When you know how global variables work in COM+ components, you can benefit from using them instead of seeing the unpredictable results as a problem. If you use them for read-only values, there is no danger. Use a Sub Main in your component to set the values. If you have checked Retain in Memory for the project properties of your component (and you definitely should), the Sub Main will only be called once for each thread for the lifetime of the COM+ application. (Watch out for doing too much in Sub Main so that you don’t hit a specific DCOM timeout. You may also introduce code that is harder to debug. A better approach would be to use lazy initialization so that the value will be cached the first time it’s requested.)

Since each thread has its own value, there is no contention whatsoever between the threads. But beware that you are using an implementation detail that may change in any version! (In the current version of COM+ you have approximately ten threads per CPU. In MTS you had 100 threads by default.) This is the code I use in the Sub Main procedure for my tests.

Option Explicit

Global gsngVat As Single

Global gstrProducts As String

Public Sub Main()

gsngVat = VatGet()

gstrProducts = ProductsGet()

End Sub

And this is the code I use to fetch the static data in this scenario.

Private Function StaticFetch() As Single

StaticFetch = gsngVat

End Function

The test for reading semi-static data is not applicable without a totally different approach. In the case of global variables, there are really several values and not just one single value since each STA will have its own global data. Somehow the update has to be propagated out to the global data in all the different threads. Therefore I will not show any results here from that test. I will discuss this further in the section called Other algorithms below.

Figure 14 Results for Global variables

Global variables

No of transactions (1 CPU)

CPU-usage (1 CPU)

No of transactions (2 CPUs)

CPU-usage (2 CPUs)

Static read

50

100%

64

99%

From the results shown in Figure 14, you can see that using global variables (2 CPUs) is 64 times faster than going to the database each time (1 CPU). When was the last time you got a wage increase so that the new wage became 64 times larger?

Please note that this information is VB-specific. If you use global variables in Delphi for example, they will by default be global for the whole process.

In my opinion global variables are great for read-only data. In the VB-case it’s very hard to use them effectively for semi-static data.

USING A LOOKUPTABLE

A lot of ASP-developers started to use the VBScript dictionary object found in scrrun.dll but they found it produced threading issues except when used at the page level. (See the section about Common Traps for more information.) To solve the problem the ASP-team developed a dictionary object called LookupTable. LookupTable has Any Apartment (or Both as it is called in MTS) as its Threading Model.

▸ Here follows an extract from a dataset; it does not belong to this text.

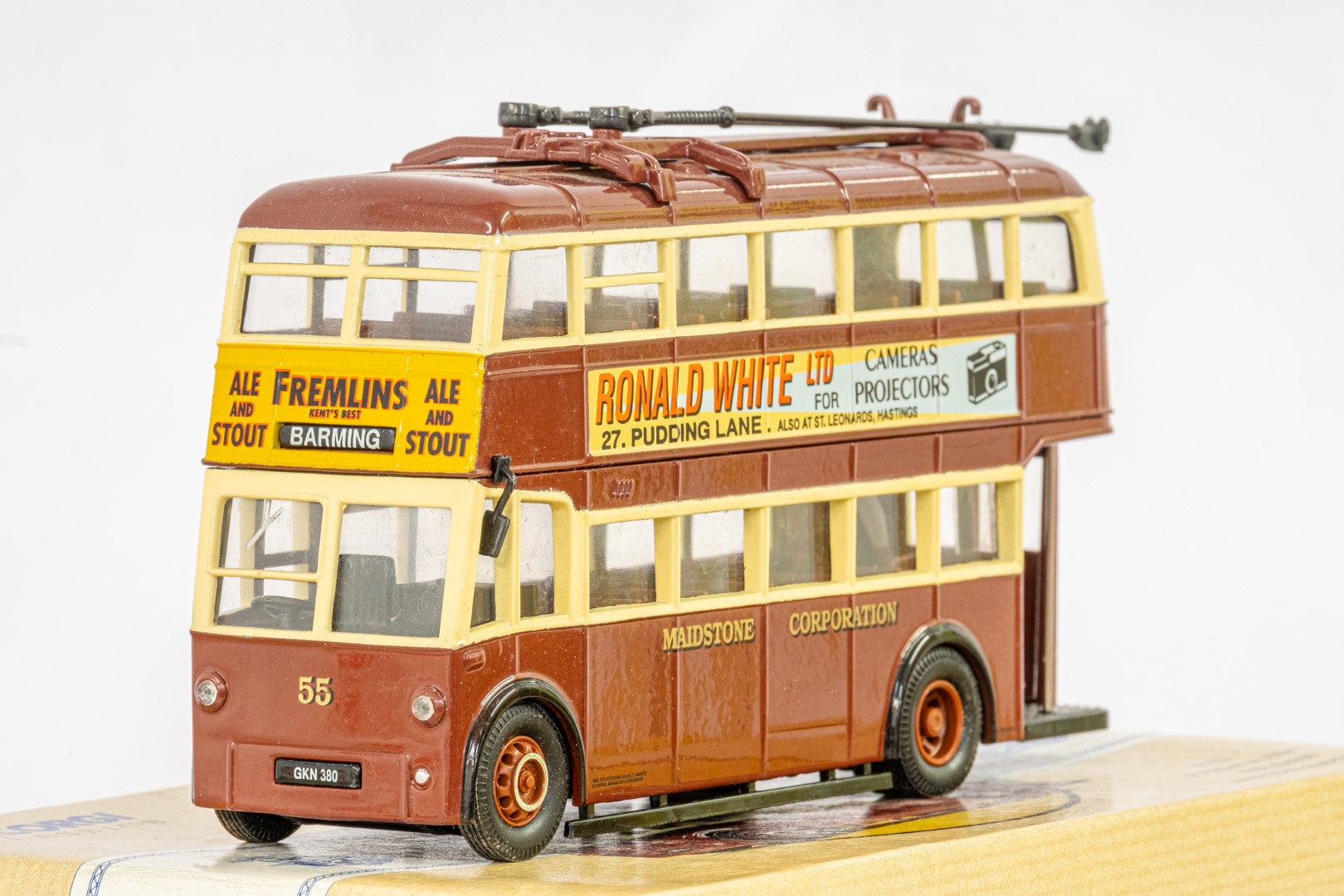 Corgi Leyland Tiger - Bartons / Sunbeam W Utility Trolleybus - Maidstone Corporation - - Image 3 of 7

Microsoft does not officially support this component, but as I understand it, it has become very popular in the ASP-community lately. To download the component, go to msdn.microsoft.com/workshop/server/downloads/lkuptbl.asp. You will also get the source code for the component, which could be nice if you want to extend it to your specific needs.

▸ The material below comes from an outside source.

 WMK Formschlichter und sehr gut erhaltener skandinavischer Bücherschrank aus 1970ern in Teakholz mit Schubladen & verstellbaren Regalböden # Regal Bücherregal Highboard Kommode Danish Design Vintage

Working with the LookupTable is not complex. After instantiation, you use the method LoadValues to read the values from a text-file. After that you can use Value(index) or LookupValue(key) to read the values. You can also call ReadLock and ReadUnlock so that a read won’t interfere with a LoadValues call. A nice feature that comes for free is the option of having the object update its values automatically after a specific number of seconds (sometimes called aging view). Most often that is real-time enough for your application’s semi-static data.

Where do you save the object reference to the LookupTable-object? In my tests I chose to save the object in the SPM, but in order to keep the SPM from influencing the test results, I am caching the object in a global variable. Observe that with this solution, you will not hit the SPM often at all and the problems that I talked about earlier are not an issue.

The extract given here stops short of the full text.